What the task requires
Exactly as they appear below, repeat the lines from the one with "#reading #comprehension #teacherresources" through the one with "Contemporary LED Retractable". Drop every picture.
===== Data for processing
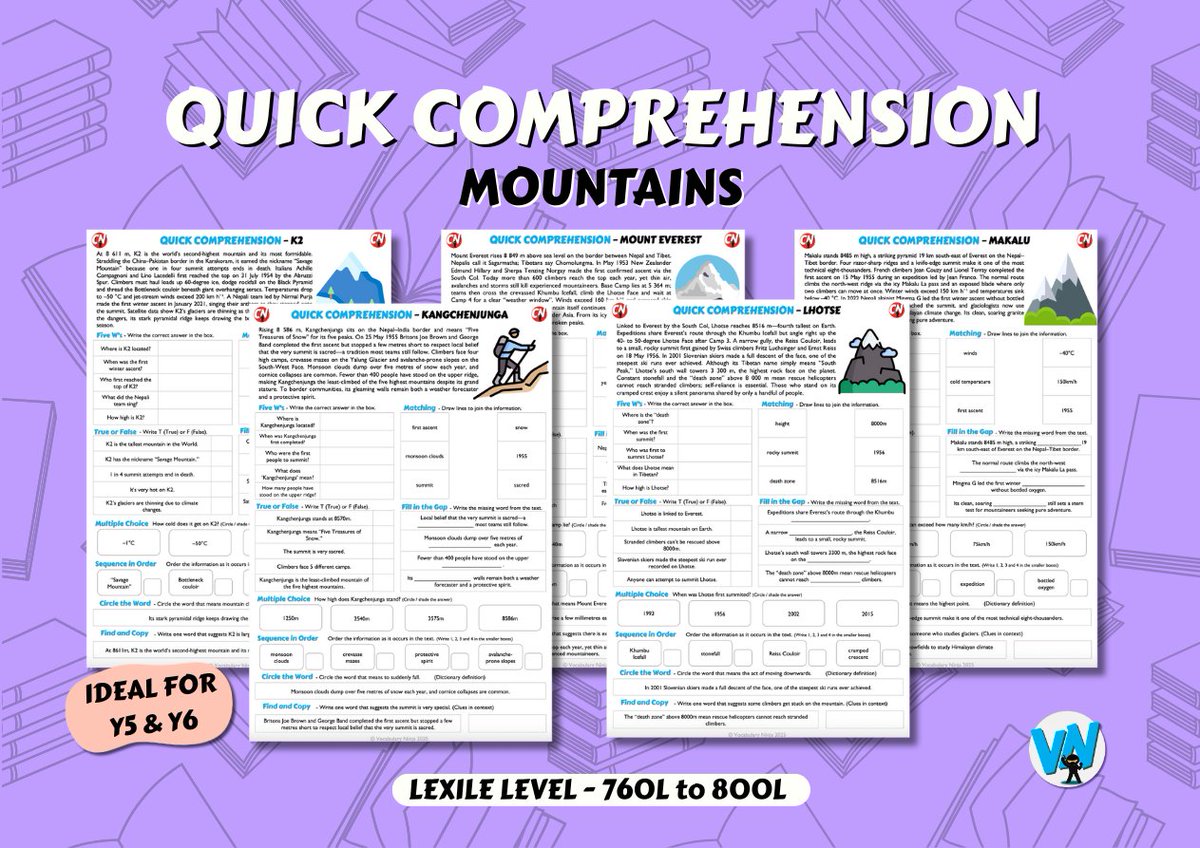 VocabularyNinja's tweet image. 🥷 NEW - Quick Comps - Topic Bundles 📚📝

💻 - bit.ly/43Cp71B

📚 Each bundle had 5 unique texts and questions
📙 Original non-fiction texts
📈 Text levelled via Lexile Levels.
⏰ Complete in 10-15 minutes

#reading #comprehension #teacherresources #primaryteacher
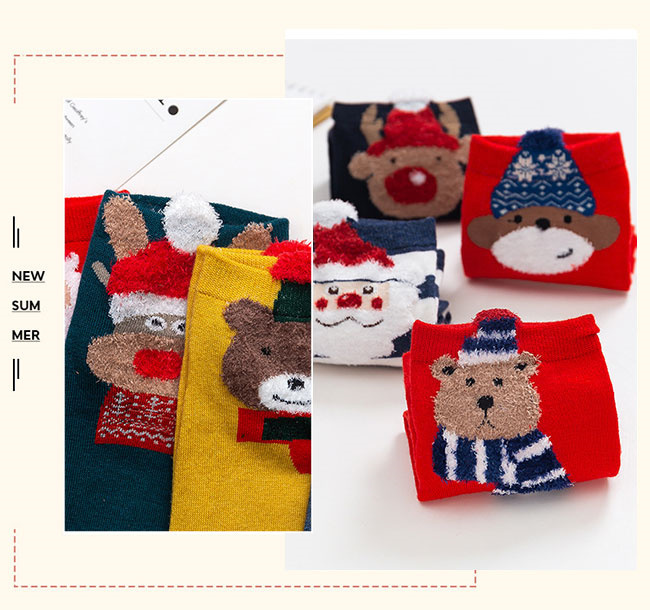 靴下 ソックス 4足セット レディース クリスマス柄 ショート かわいい
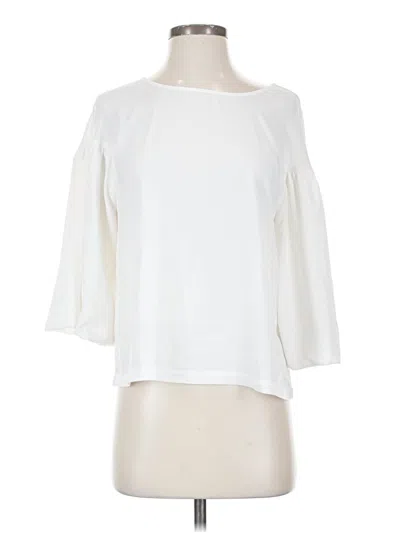 Pre-owned Elizabeth And James 3/4 Sleeve Top Ivory Boatneck Tops In White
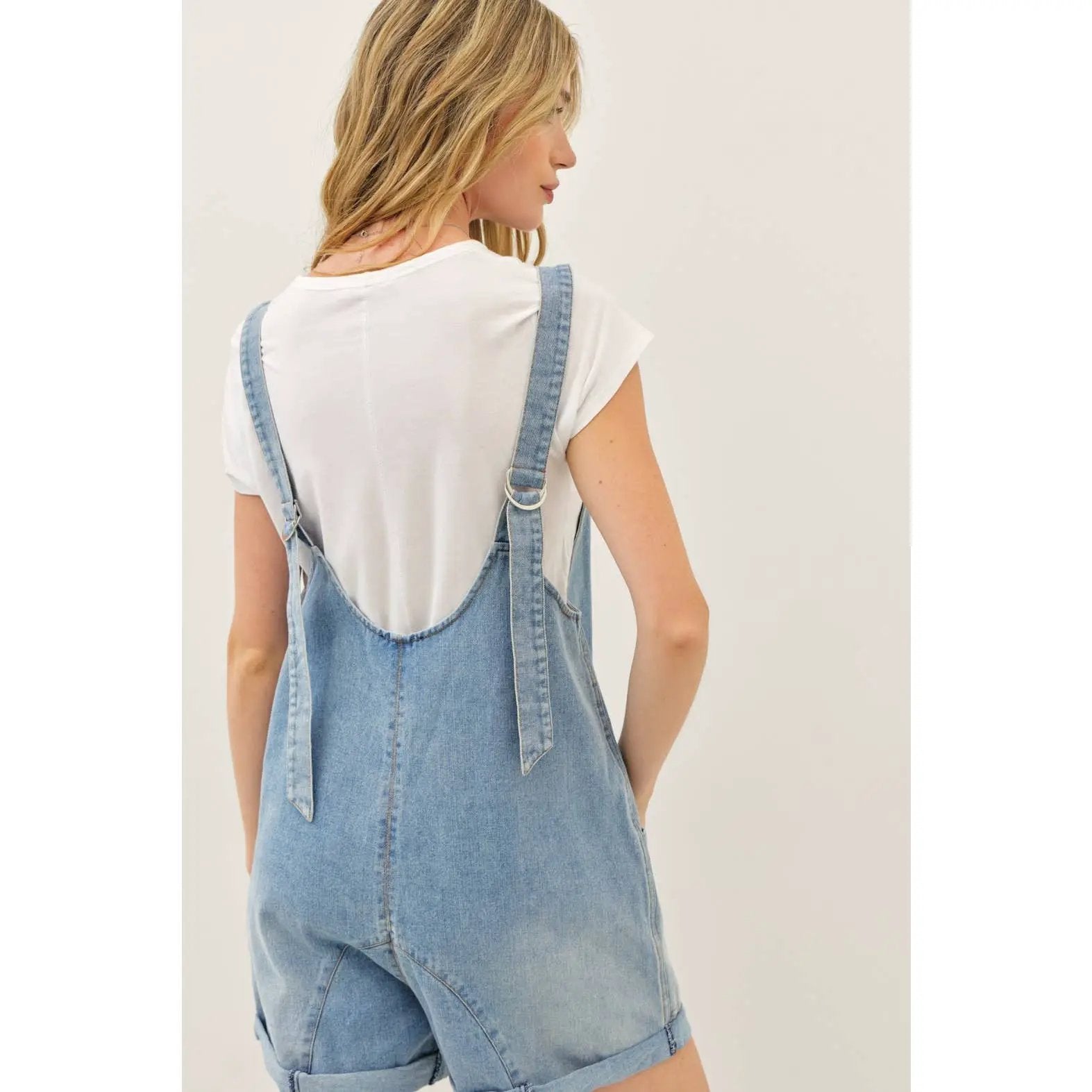 idem ditto RELAXED FIT WASHED DENIM ROMPER WITH FRONT POCKETS - One-Pieces
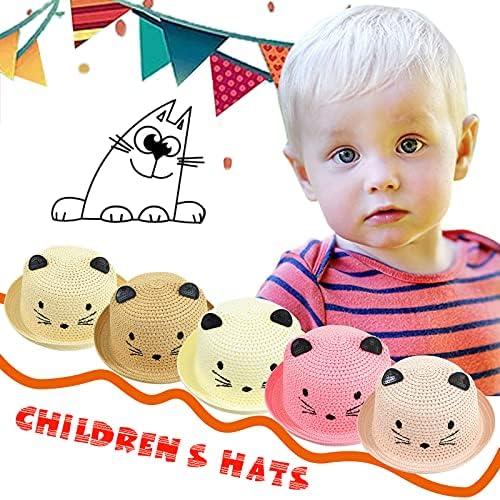 Boys Girls Cat Style Handmade Straw Sun Hats Kids Summer Foldable Beach Hats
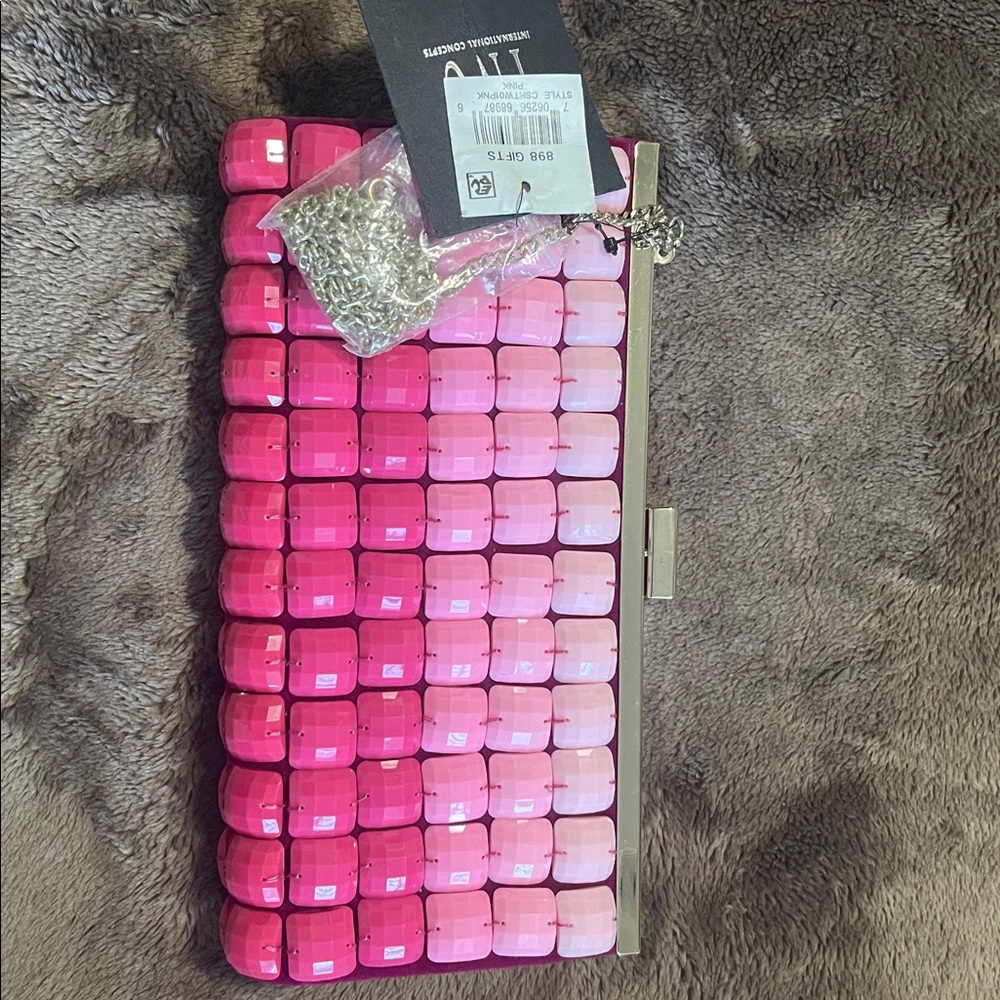 INC International Concepts Fuschia Neon Pink Bowah Clutch Barbiecore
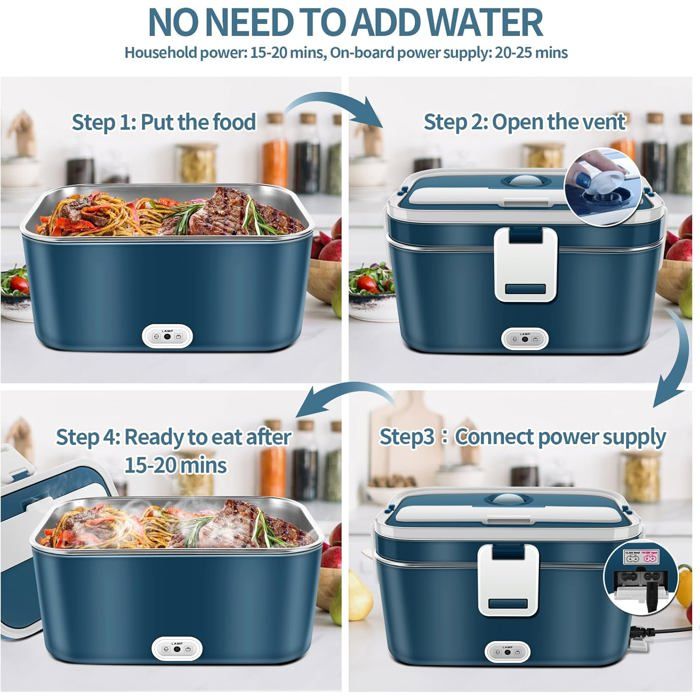 Gamelle Chauffante Electrique 1.8L, Lunch Box Chauffante 100W Chauffage — free download
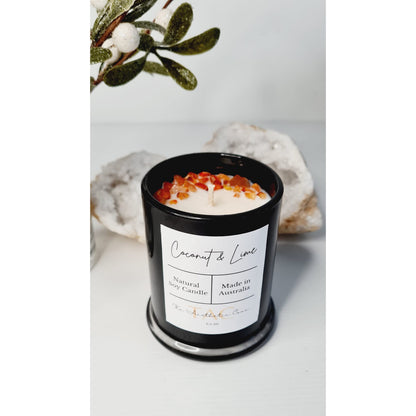 Carnelian Crystal Candle Jar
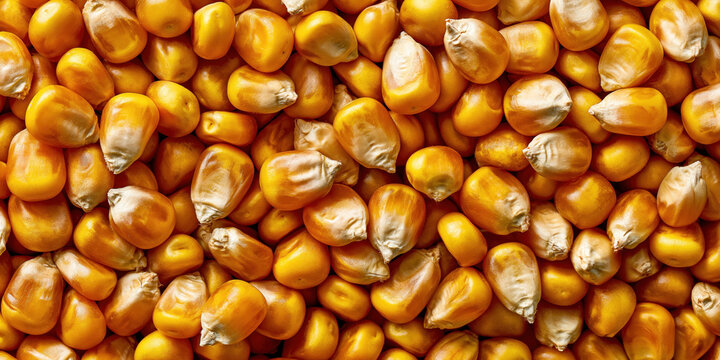 Close-up of roasted corn kernels with natural glaze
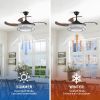 Contemporary LED Retractable Ceiling Fan with Light and Remote Control, Quiet Reversible Motor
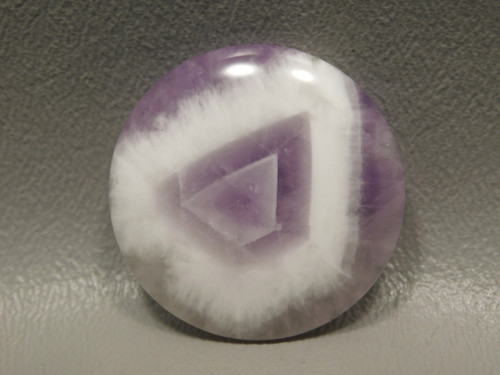 Chevron Amethyst Cabochon Purple White 30 mm Round Stone #10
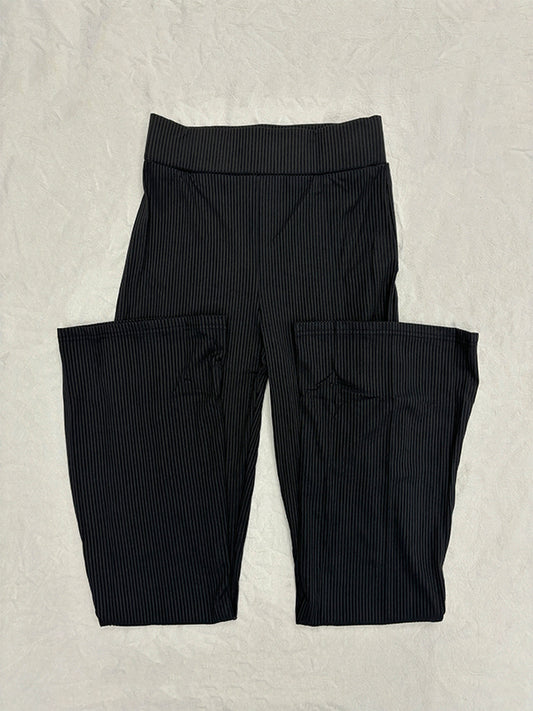 Black Y2k Stretchy Ribbed Flare Leg Pants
==========
Response box
#reading #comprehension #teacherresources #primaryteacher
 靴下 ソックス 4足セット レディース クリスマス柄 ショート かわいい
 Pre-owned Elizabeth And James 3/4 Sleeve Top Ivory Boatneck Tops In White
 idem ditto RELAXED FIT WASHED DENIM ROMPER WITH FRONT POCKETS - One-Pieces
 Boys Girls Cat Style Handmade Straw Sun Hats Kids Summer Foldable Beach Hats
 INC International Concepts Fuschia Neon Pink Bowah Clutch Barbiecore
 Gamelle Chauffante Electrique 1.8L, Lunch Box Chauffante 100W Chauffage — free download
 Carnelian Crystal Candle Jar
 Close-up of roasted corn kernels with natural glaze
 Contemporary LED Retractable Ceiling Fan with Light and Remote Control, Quiet Reversible Motor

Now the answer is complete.